Both warm-blooded and cold-blooded animals hibernate, including some species of chipmunks, hedgehogs, frogs, turtles, and even some fish. The majority of animals that hibernate are found in the northern and extreme southern areas of the globe — the colder climates of the world. The variety is quite extensive and also includes hamsters, opossums, and badgers. Bears, perhaps the most famous of such animals, don't undergo quite as deep a sleep as many other animals, so some scientists don't consider it true hibernation.
Warm-Blooded Animals
Many small warm-blooded animals hibernate during the winter, including many rodents like the dormouse, ground squirrel, and woodchuck. These animals are required to hibernate for part of the year, and once this process begins, they are extremely difficult to wake up. The body temperature of a hazel dormouse, for example, drops to just above freezing, and its heart beats only a few times each minute. A few of these animals will wake up periodically to eat, but others stay in this deep sleep for up to six months. Other warm-blooded animals that hibernate include mouse lemurs and mountain pygmy possums.
Most birds do not truly hibernate, although the common poorwill, a species in the family called nightjars or nighthawks, does. Found in the Southwestern US and Mexico, this bird can spend weeks or months during the winter in an inactive state. Other birds can go into a state known as torpor, during which they slow their metabolism and body temperature, but this usually only lasts for a short period of time, often overnight. In many cases, hibernation is described as long-term torpor.

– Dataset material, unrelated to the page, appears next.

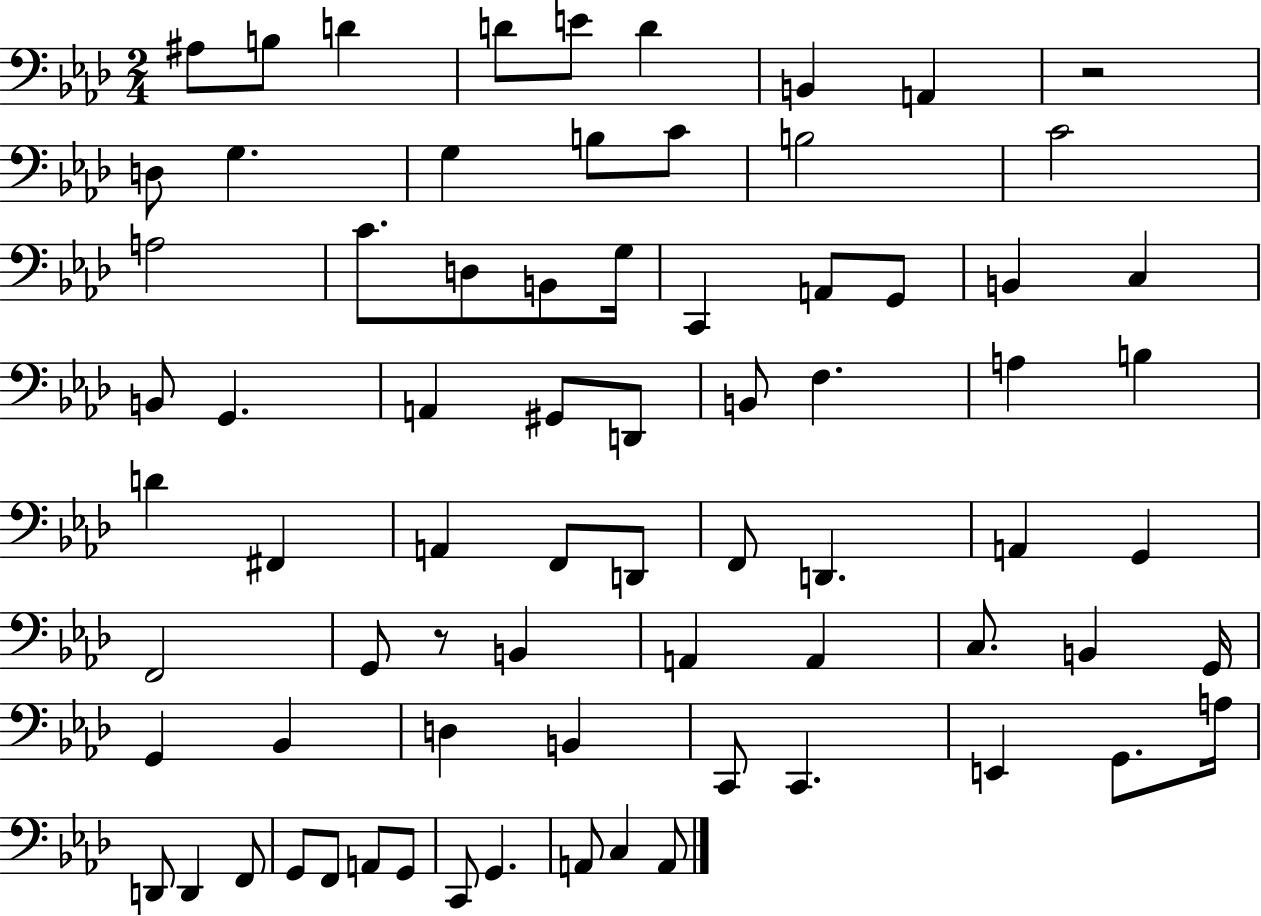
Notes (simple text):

A#3/e B3/e D4/q D4/e E4/e D4/q B2/q A2/q R/h D3/e G3/q. G3/q B3/e C4/e B3/h C4/h A3/h C4/e. D3/e B2/e G3/s C2/q A2/e G2/e B2/q C3/q B2/e G2/q. A2/q G#2/e D2/e B2/e F3/q. A3/q B3/q D4/q F#2/q A2/q F2/e D2/e F2/e D2/q. A2/q G2/q F2/h G2/e R/e B2/q A2/q A2/q C3/e. B2/q G2/s G2/q Bb2/q D3/q B2/q C2/e C2/q. E2/q G2/e. A3/s D2/e D2/q F2/e G2/e F2/e A2/e G2/e C2/e G2/q. A2/e C3/q A2/e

Bears are the most commonly identified animals that sleep through the winter months; however, many scientists do not classify the bear as a true hibernator because it doesn't go through the same degree of physiological changes that other hibernating animals do. For example, while a bear's heart rate and breathing slows, its body temperature doesn't fall very much. Along with some bats, bears are also relatively easy to wake up. Most bears deliver their young during the winter, and so the mother bear must become somewhat conscious during the birthing process to properly tend to her cubs.
Cold-Blooded Animals
Insects, reptiles and other species, including some fish, also hibernate. Since they cannot maintain their body temperatures the way that warm-blooded animals do, many cold-blooded animals seek refuge in hollow trees, caves, or underground to protect themselves during the winter. Some wetland creatures — as well as fish — often bury themselves in mud at the bottom of a lake or pond. This not only protects the creature from the elements, it prevents the current from washing the creature downstream and guards it from becoming a meal for other predators that do not hibernate.

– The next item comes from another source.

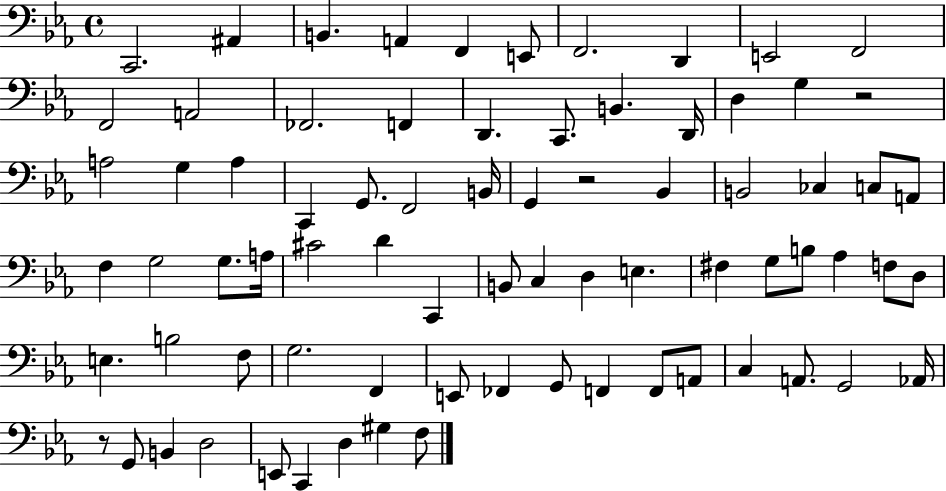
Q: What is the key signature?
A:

Some experts draw a distinction between the winter dormancy periods of warm- and cold-blooded animals. Rather than "hibernation," they refer to it as "brumation" when it occurs in reptiles. The main difference is the energy source; mammals eat extra food before hibernating and use the stored fat to get them through the winter, while reptiles survive on glycogen, an energy storage molecule. For practical purposes, however, the two states are very similar.
How Hibernation Works
Hibernation allows an animal to slow its life support systems tremendously, often having only one heart beat occur over several minutes. This altered metabolism not only saves energy, it prevents the animal's body from requiring additional food and water while it sleeps. The animal's body temperature also drops, and the majority of the warmth is concentrated near and around the vital organs. In some animals, such as the opossum, the young are born while the mother sleeps; the newborns make their way into a pouch on the mother's underbelly, where they nurse throughout the remainder of the mother's hibernation period.

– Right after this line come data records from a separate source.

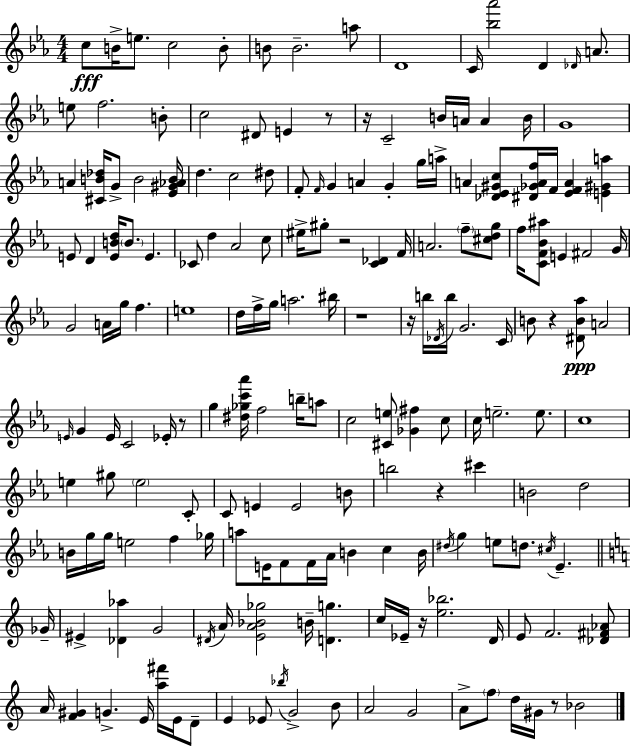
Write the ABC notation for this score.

X:1
T:Untitled
M:4/4
L:1/4
K:Cm
c/2 B/4 e/2 c2 B/2 B/2 B2 a/2 D4 C/4 [_b_a']2 D _D/4 A/2 e/2 f2 B/2 c2 ^D/2 E z/2 z/4 C2 B/4 A/4 A B/4 G4 A [^CB_d]/4 G/2 B2 [_E^G_AB]/4 d c2 ^d/2 F/2 F/4 G A G g/4 a/4 A [_D_E^Gc]/2 [^D_GAf]/4 F/4 [_EFA] [E^Ga] E/2 D [EBd]/4 B/2 E _C/2 d _A2 c/2 ^e/4 ^g/2 z2 [C_D] F/4 A2 f/2 [^cdg]/2 f/4 [CF_B^a]/2 E ^F2 G/4 G2 A/4 g/4 f e4 d/4 f/4 g/4 a2 ^b/4 z4 z/4 b/4 _D/4 b/4 G2 C/4 B/2 z [^DB_a]/2 A2 E/4 G E/4 C2 _E/4 z/2 g [^d_gc'_a']/4 f2 b/4 a/2 c2 [^Ce]/2 [_G^f] c/2 c/4 e2 e/2 c4 e ^g/2 e2 C/2 C/2 E E2 B/2 b2 z ^c' B2 d2 B/4 g/4 g/4 e2 f _g/4 a/2 E/4 F/2 F/4 _A/4 B c B/4 ^d/4 g e/2 d/2 ^c/4 _E _G/4 ^E [_D_a] G2 ^D/4 A/4 [EA_B_g]2 B/4 [Dg] c/4 _E/4 z/4 [e_b]2 D/4 E/2 F2 [_D^F_A]/2 A/4 [F^G] G E/4 [a^f']/4 E/4 D/2 E _E/2 _b/4 G2 B/2 A2 G2 A/2 f/2 d/4 ^G/4 z/2 _B2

In some instances, the weather can turn unusually warm early in the season, bringing the animals out of their hibernating state much earlier than usual. This can often prove to be life-threatening for the animal, because food, such as grasses and berries, are not yet available. In this case, the animals may become starved and malnourished. Such a season can also be life-threatening to newborns as their mother's milk may dry up due to her lack of nutrition.